It's not just marketing, iRobot basically stopped innovating. For commodity items like robot vacuums or pool cleaners, there is a relentless pressure to innovate. You can't simply coast or else you will soon find yourself left behind.
This is a good article to describe the viewpoint of Chinese iRobot competitor https://kr-asia.com/at-usd-90-per-unit-seauto-is-quietly-swe...
Yeah, this company went through an amazingly bad period. They quite innovating, and also worked really hard to segment their products in a way that would extract every last $ out of the consumer. "Oh you want it not to run into things? You'll need one more step up for another $100-200" It wasn't really based on the hardware, so much as the intentional limitations of the software.

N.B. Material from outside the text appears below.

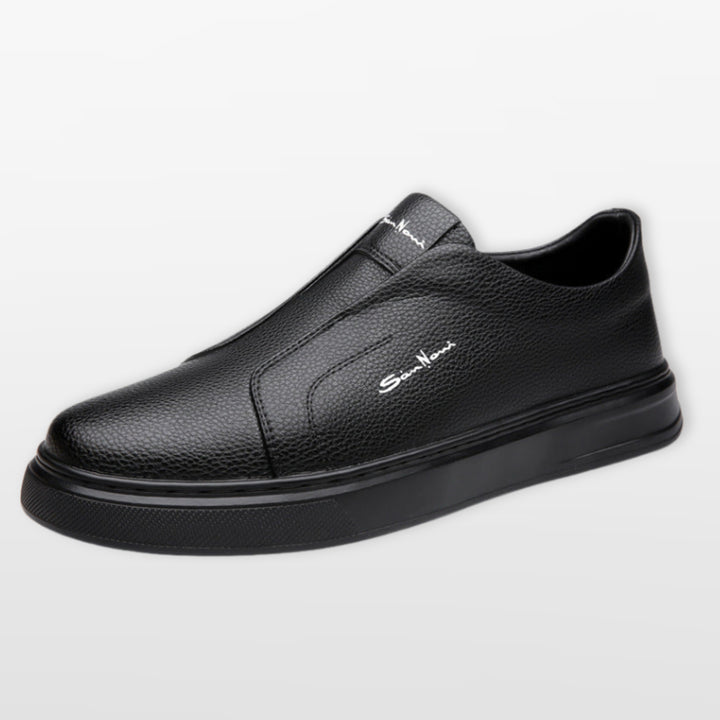 Baskets Sans Lacets Minimalistes Homme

Meanwhile cheap roborocks had no arbitrary limitations and more honest marketing.
I miss the optimism that this company used to have, but I won't miss the entity that they became.

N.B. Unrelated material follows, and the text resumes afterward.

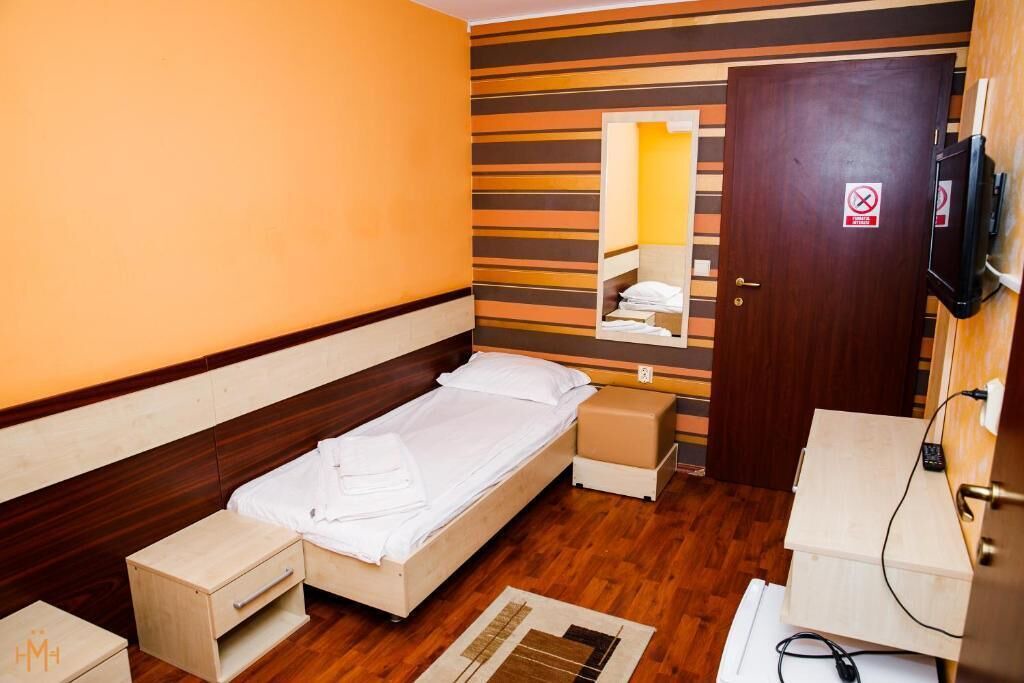 Photo of Bedroom in Costinesti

I haven't seen a useful innovation in a robovacuum for at least a decade. What are you talking about?
Biggest issue has been the flood of cheap chinese units on the market - like GoPro, they had nowhere to go, and got beat on price once feature parity was achieved (which didn't take that long).
The best robovac was Neato. Lidar and mapping 13 years ago. No cloud.
Too bad our American leaders sold us out.